[Frontiers in Bioscience S2, 504-514, January 1, 2010]

Chemoattractants and receptors in Alzheimer's disease

Lingfei Ruan1, Yan Kong1, Ji Ming Wang2, Yingying Le1

1Key Laboratory of Nutrition and Metabolism, Institute for Nutritional Sciences, Shanghai Institutes for Biological Sciences, Chinese Academy of Sciences; Graduate School of the Chinese Academy of Sciences, Shanghai, China. 2Laboratory of Molecular Immunoregulation, Cancer and Inflammation Program, Center for Cancer Research, National Cancer Institute at Frederick, Frederick, Maryland, USA

TABLE OF CONTENTS

1. Abstract
2. Introduction
3. The role of classical chemoattractant receptors in AD
4. Chemokines and their receptors in AD
4.1. CC chemokines and receptors in AD
4.1.1. CC chemokines in AD
4.1.1.1. CCL2
4.1.1.2. CCL3 and CCL4
4.1.1.3. CCL5
4.1.1.4. Other CC chemokines
4.1.2. CC chemokine receptors in AD
4.2. CXC chemokines and receptors in AD
4.2.1. CXCL1, CXCL2, CXCL8 and CXCR2 in AD
4.2.2. CXCL10 and CXCR3 in AD
4.3.3. CXCL12 and CXCR4 in AD
4.3. CX3CL1 and CX3CR1 in AD
5. Perspectives
6. Acknowledgements
7. References

1. ABSTRACT

Chemoattractants, including classical chemoattractants and chemokines, are mediators of leukocyte trafficking in physiological immunosurveillance as well as recruitment of leukocyte to the sites of inflammation and injury.

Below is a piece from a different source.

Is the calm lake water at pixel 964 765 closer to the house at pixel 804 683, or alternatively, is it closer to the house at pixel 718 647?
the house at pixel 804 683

Besides their well-established role in the immune system, recent researches have demonstrated that chemoattractants and their receptors are also involved in brain development and in the maintenance of normal brain homeostasis. Evidence is emerging that chemoattractants and their receptors play important roles in neuroinflammation, neuronal death and hence neurodegenerative diseases. In this review, we summarize recent progress regarding the involvement of chemoattractants and their receptors in Alzheimer's disease and their potential as therapeutic targets.